What are the benefits and pay-offs of having a truly effective and efficient quality-safety improvement process?

With patient care being so fundamental to the organization’s operational, regulatory and financial objectives, a sustained, optimal improvement process has both tactical and strategic impacts, including:

  • Clinical staff and executive management enjoy immediately recognizable, significant time-savings within their respective roles in the pursuit of quality-safety, through aggressive leverage of technology, balanced with a pleasant and effective user experience for healthcare professionals. This is increased by a much higher degree of collaboration across the Quality Management (QM), Safety and PI organizations, with those functions being tightly integrated, resulting in greater flexibility in assignment and staffing.
  • The organization’s executives’ leadership is better engaged in terms of (1) setting and communicating direction and focus for the improvement goals and efforts, and (2) facilitating proper executive oversight through clear and timely “big picture” views, critical alerts, selective insights into the process and the ability to very easily drill-down to the desired level of detail.

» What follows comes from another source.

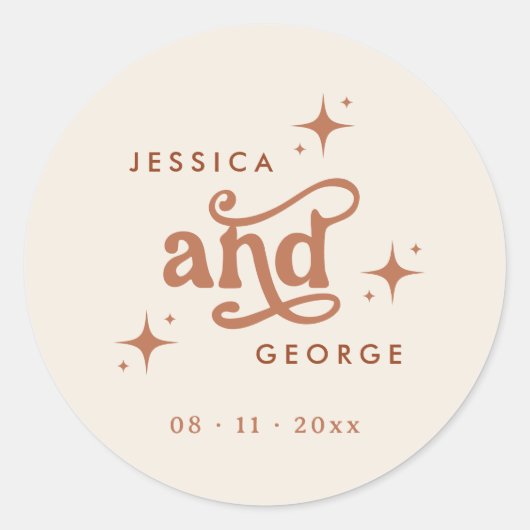 Retro bruiloft, Terracotta Boho Ronde Sticker (Voorkant)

  • By centering on the quality-safety improvement process, attention and action are focused on impacting the very elements affecting reimbursement penalties, non-reimbursed care, remedial compliance actions, litigation costs, insurance premiums, and other Pay for Performance and “cost of quality” factors, which take a big bite out of the organization’s top- and bottom-line finances. Effects on real-dollar ROI have been proven repeatedly.
  • History has shown that trying to educate staff into a significant change or ramp-up in motivated work effort is typically ineffective or short-lived. However, by upgrading their work from passive, transactional tools, like basic databases and report generators, to advanced workflows designed to carry out best practices, the work itself changes. This transforms their thought processes, and then attitudes and motivation follow and are sustained. It is strongly suggested this is the only way to develop the much-sought “culture of quality”.

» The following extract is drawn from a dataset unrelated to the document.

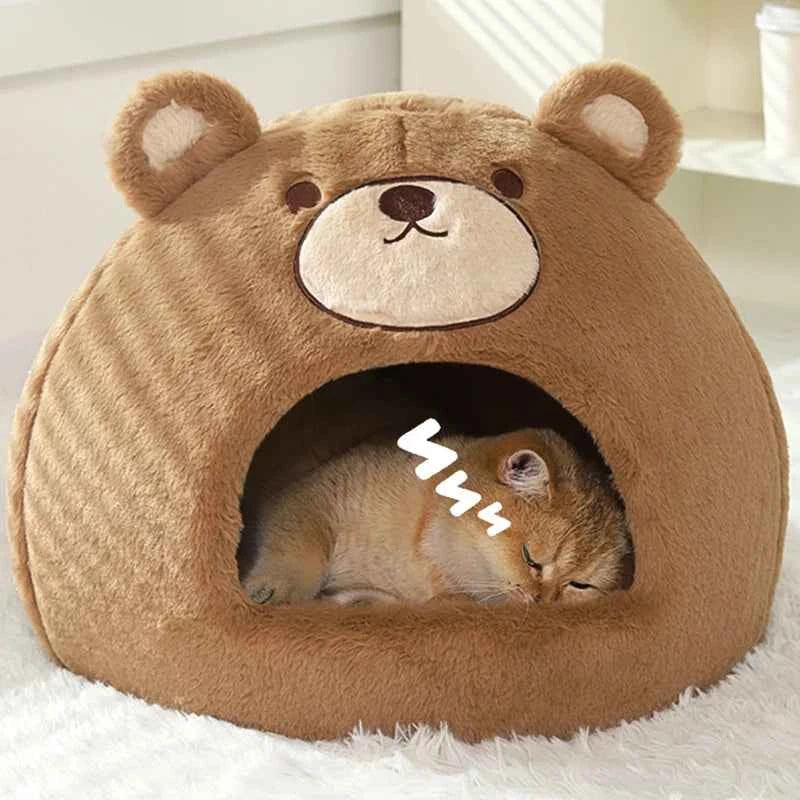 Kawaii Bear Cat Cave House – Soft Velvet & Plush Winter Warm Indoor Kitten Nest (S & M)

  • Unifying and simplifying the visibility of all clinical performance issues – as opposed to everyone’s being overwhelmed by the countless, fractured elements – has a collateral benefit of keeping the whole team alert and focused on those things on which they should be working. This collective mindset helps the organization be more proactive than reactive, more disciplined than frantic, and more cooperative than competitive or fault-finding.

This is the kind of innovation you’ve been searching for and can now obtain. By reverse-engineering the performance improvement process, healthcare organizations can part with ineffective and outdated processes, and invest in improvement-centered solutions that go beyond simply producing reports for external parties, and instead use insights to drive action that improves the quality and safety of patient care.